Listed records section start
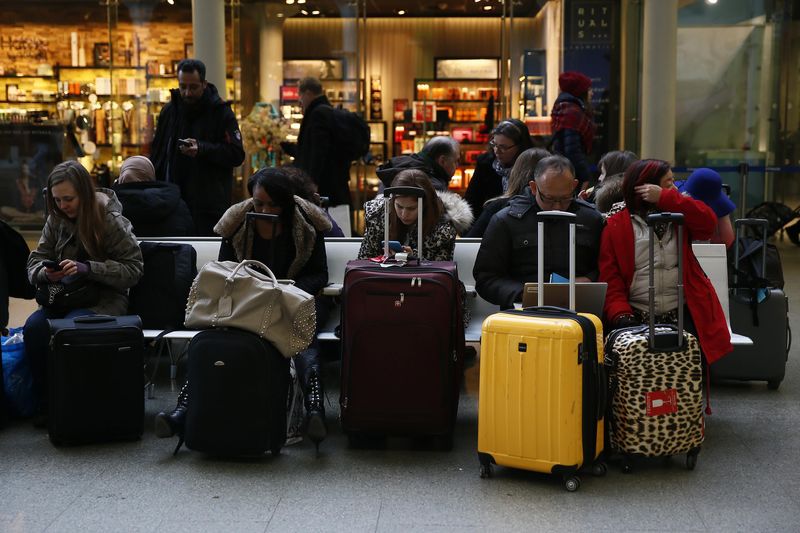 © Reuters. Passengers use their mobile phones at St Pancras International Station in London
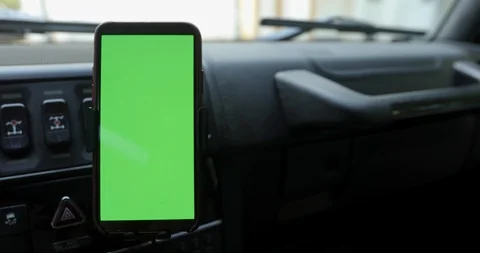 Smartphone with a green screen in the car Stock Footage 110978286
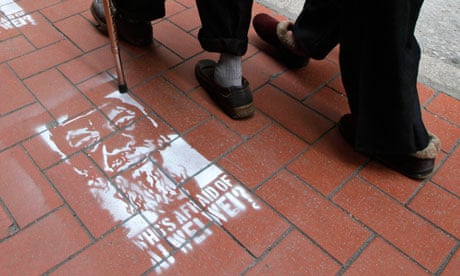 People in Hong Kong walk past street stencils of detained Chinese artist and activist Ai Weiwei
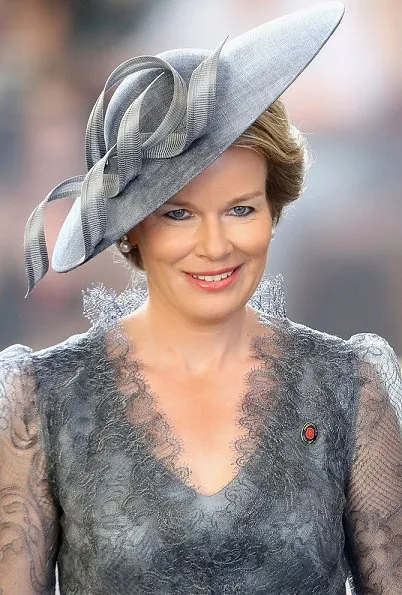 Kate Middleton wore Alexander McQueen cream coatdress. Anne Grand-Clement clutch, Balenciaga pearl earrings. Mathilde Natan lace dress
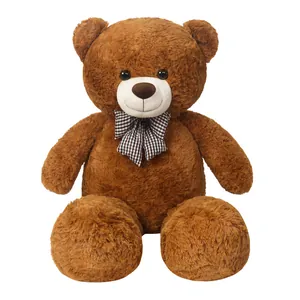Large brown teddy bear plush toy with a checkered bow tie on a plain white background.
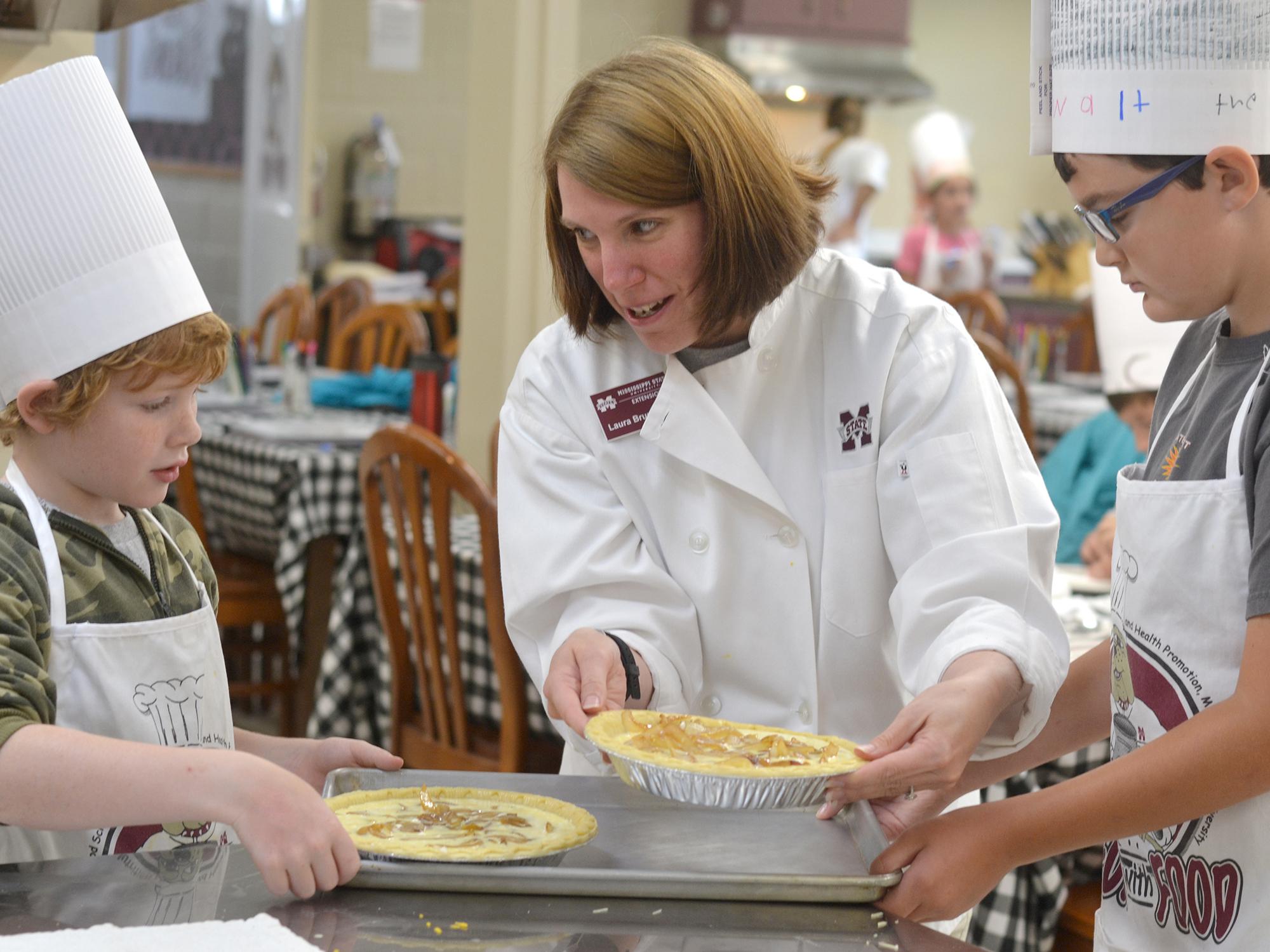 Laura Brumbaugh (center), Mississippi State University Extension Service agent in Tate County, helps Harlan Tagert, left, and Walt Giesen, both of Starkville, finish their quiches on June 21, 2016, at the MSU Fun with Food Camp. The annual summer camp offers hands-on training and educational field trips for 3rd- to 6th-grade children to learn about nutrition, cooking and food safety. (Photo by MSU Extension Service/Michaela Parker) 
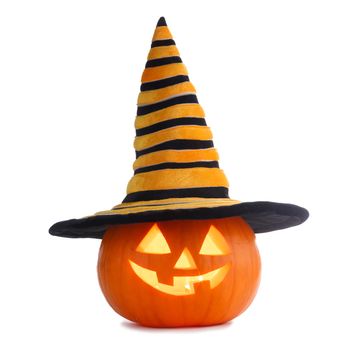 Jack O Lantern Halloween pumpkin in witches hat isolated on white background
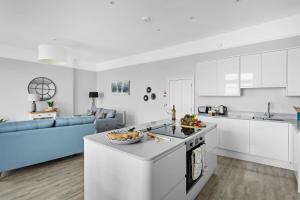 a kitchen and living room with white cabinets and a blue couch at THE ANGEL 1 BEST VIEWS IN DARTMOUTH in Dartmouth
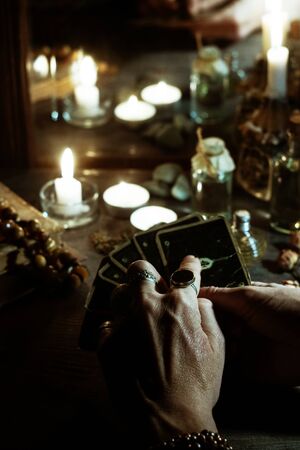Magic and occultism. Hands of a sybil with fortunetelling cards and burning candles is reflected in an old mirrorの写真素材
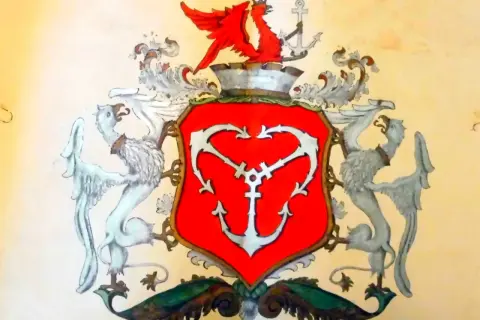 Herb Gdyni: czerwona tarcza z białym kotwicą, podtrzymywana przez dwa gryfy. Na górze czerwony smok i kotwica.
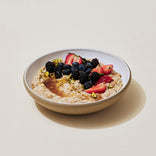A bowl of oatmeal topped with strawberries, blackberries, blueberries, chopped nuts, and a drizzle of syrup, on a light background.
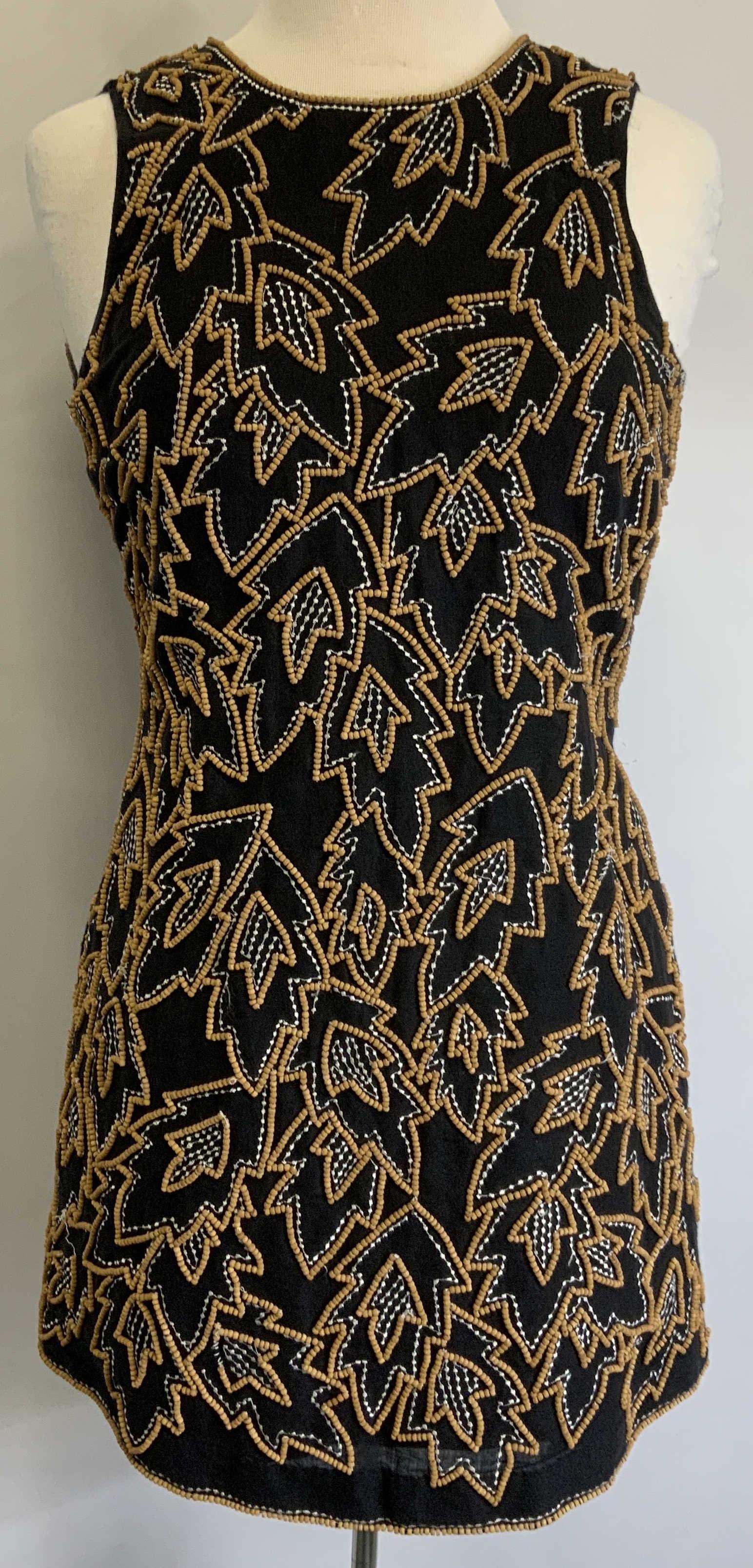 FRENCH CONNECTION Black Beaded Botanical Dress: French Connection black sleeveless dress with white embroidery and brown beaded botanical motif. Size 0. Linen and cotton blend. Some pulling to thread observed. French connection, French connection d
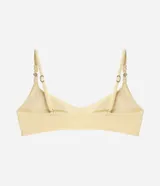 Top de bikini bandeau color amarillo claro, confeccionado en microfibra texturada con tirantes finos regulables adornados con cuentas y caracolas.
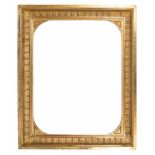 Large carved, stuccoed and gilded frame. Empire period. 19th century.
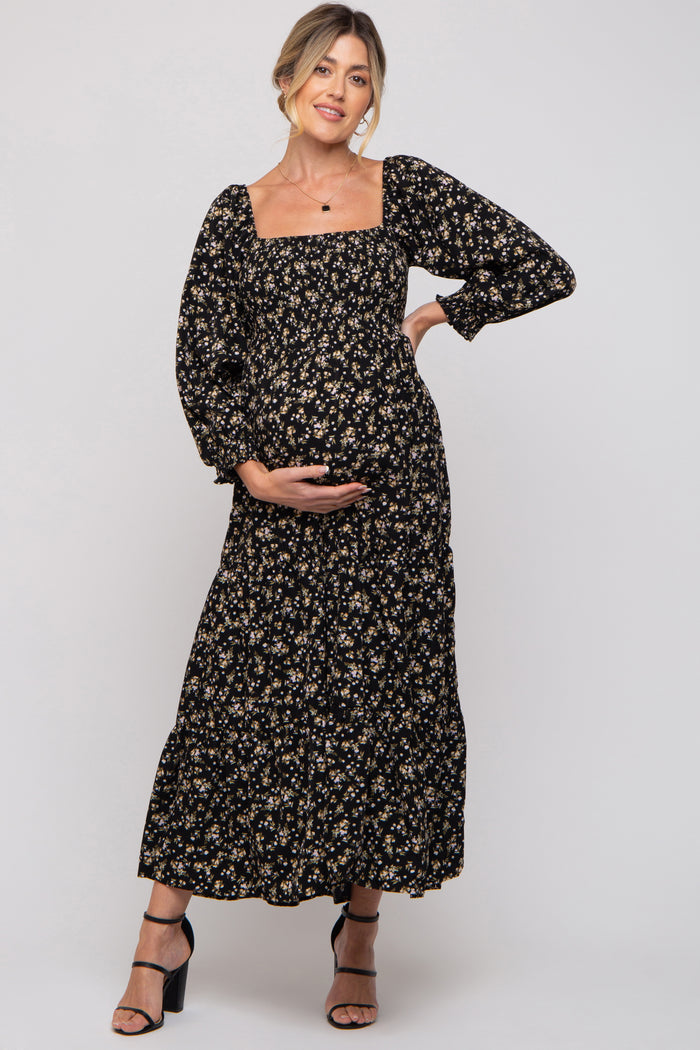 woman wearing a black floral maternity maxi dress with long puff sleeves and holding her baby bump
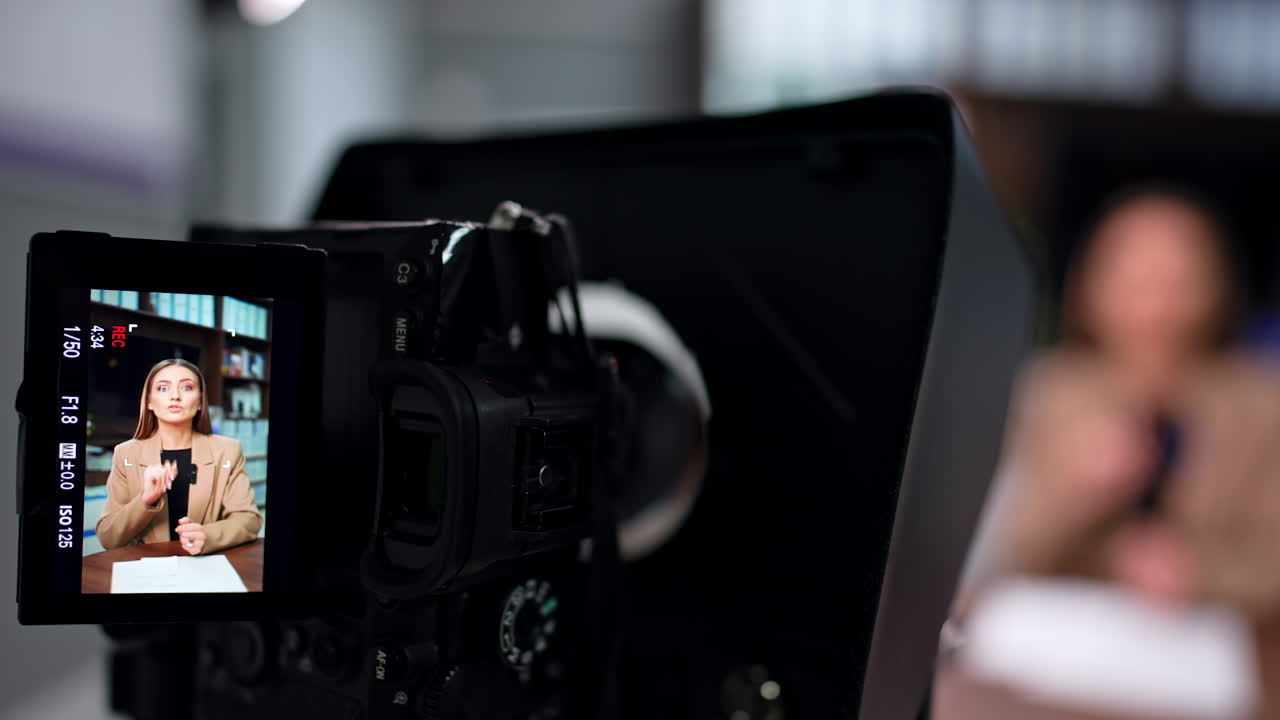 Professional female blogger on the camera display. Close up. Blogger and influencer filming video. Blurred backdrop.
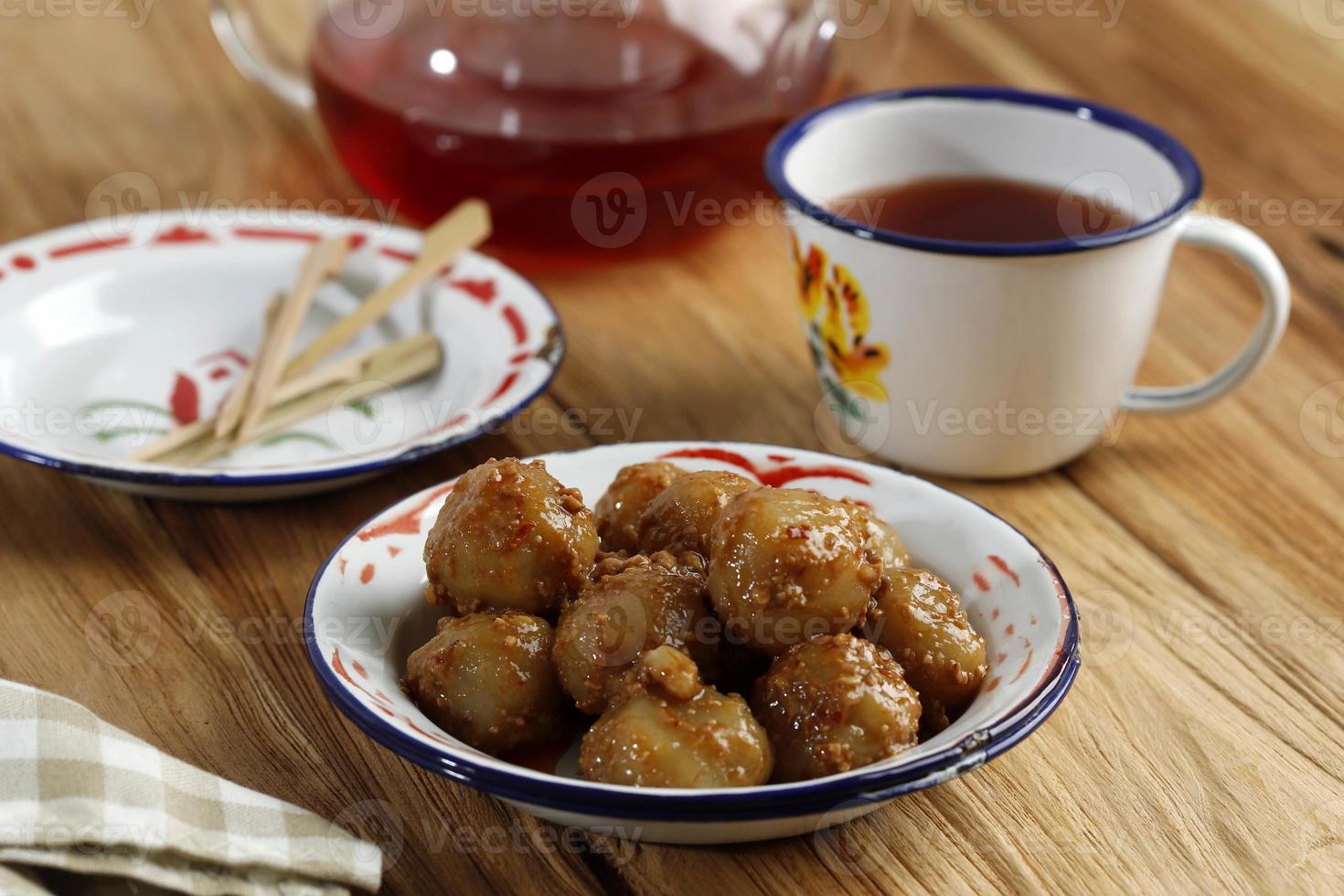 Cilok is Aci Dicolok, Traditional Street Food from West Java, Made from Tapioca or Aci Flour. Cilok is a Round Shaped Snack with a Chewy Texture, Served with Peanut Sauce photo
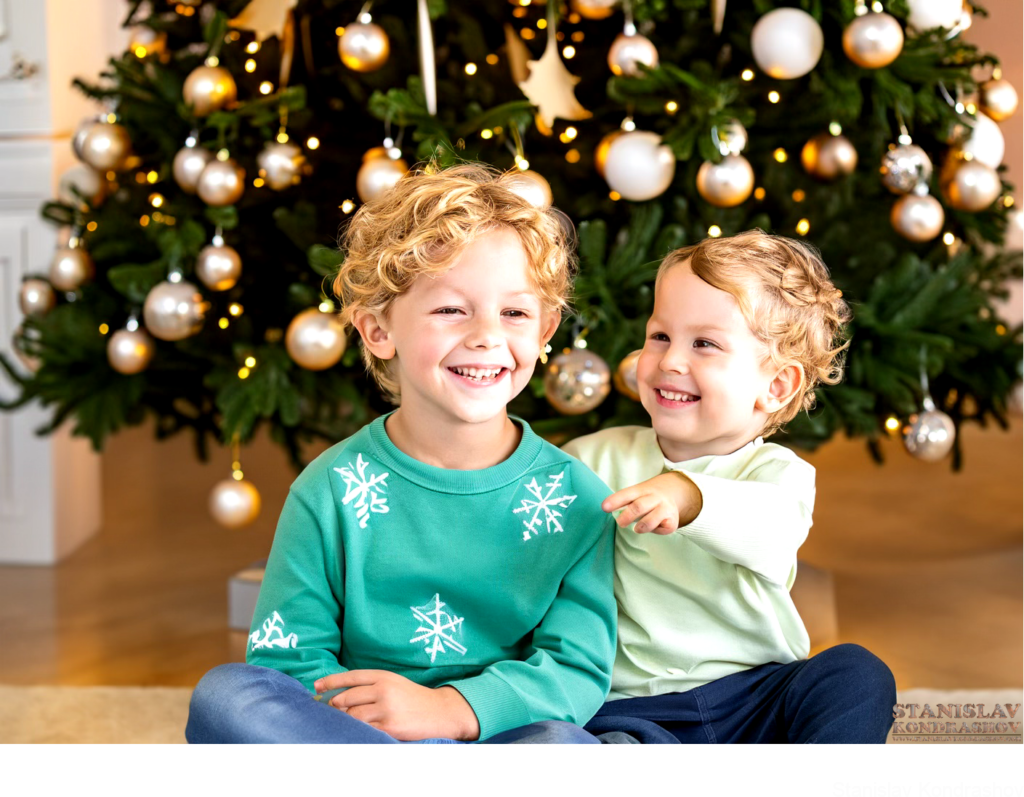 Kids Sitting In Front Of Christmas Tree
Listed records section end
• **About this exercise**:
Without copying the pictures, transcribe the entries exactly.

• **Exercise output**:
 © Reuters. Passengers use their mobile phones at St Pancras International Station in London
 Smartphone with a green screen in the car Stock Footage 110978286
 People in Hong Kong walk past street stencils of detained Chinese artist and activist Ai Weiwei
 Kate Middleton wore Alexander McQueen cream coatdress. Anne Grand-Clement clutch, Balenciaga pearl earrings. Mathilde Natan lace dress
Large brown teddy bear plush toy with a checkered bow tie on a plain white background.
 Laura Brumbaugh (center), Mississippi State University Extension Service agent in Tate County, helps Harlan Tagert, left, and Walt Giesen, both of Starkville, finish their quiches on June 21, 2016, at the MSU Fun with Food Camp. The annual summer camp offers hands-on training and educational field trips for 3rd- to 6th-grade children to learn about nutrition, cooking and food safety. (Photo by MSU Extension Service/Michaela Parker) 
 Jack O Lantern Halloween pumpkin in witches hat isolated on white background
 a kitchen and living room with white cabinets and a blue couch at THE ANGEL 1 BEST VIEWS IN DARTMOUTH in Dartmouth
Magic and occultism. Hands of a sybil with fortunetelling cards and burning candles is reflected in an old mirrorの写真素材
 Herb Gdyni: czerwona tarcza z białym kotwicą, podtrzymywana przez dwa gryfy. Na górze czerwony smok i kotwica.
A bowl of oatmeal topped with strawberries, blackberries, blueberries, chopped nuts, and a drizzle of syrup, on a light background.
 FRENCH CONNECTION Black Beaded Botanical Dress: French Connection black sleeveless dress with white embroidery and brown beaded botanical motif. Size 0. Linen and cotton blend. Some pulling to thread observed. French connection, French connection d
 Top de bikini bandeau color amarillo claro, confeccionado en microfibra texturada con tirantes finos regulables adornados con cuentas y caracolas.
 Large carved, stuccoed and gilded frame. Empire period. 19th century.
 woman wearing a black floral maternity maxi dress with long puff sleeves and holding her baby bump
 Professional female blogger on the camera display. Close up. Blogger and influencer filming video. Blurred backdrop.
 Cilok is Aci Dicolok, Traditional Street Food from West Java, Made from Tapioca or Aci Flour. Cilok is a Round Shaped Snack with a Chewy Texture, Served with Peanut Sauce photo
 Kids Sitting In Front Of Christmas Tree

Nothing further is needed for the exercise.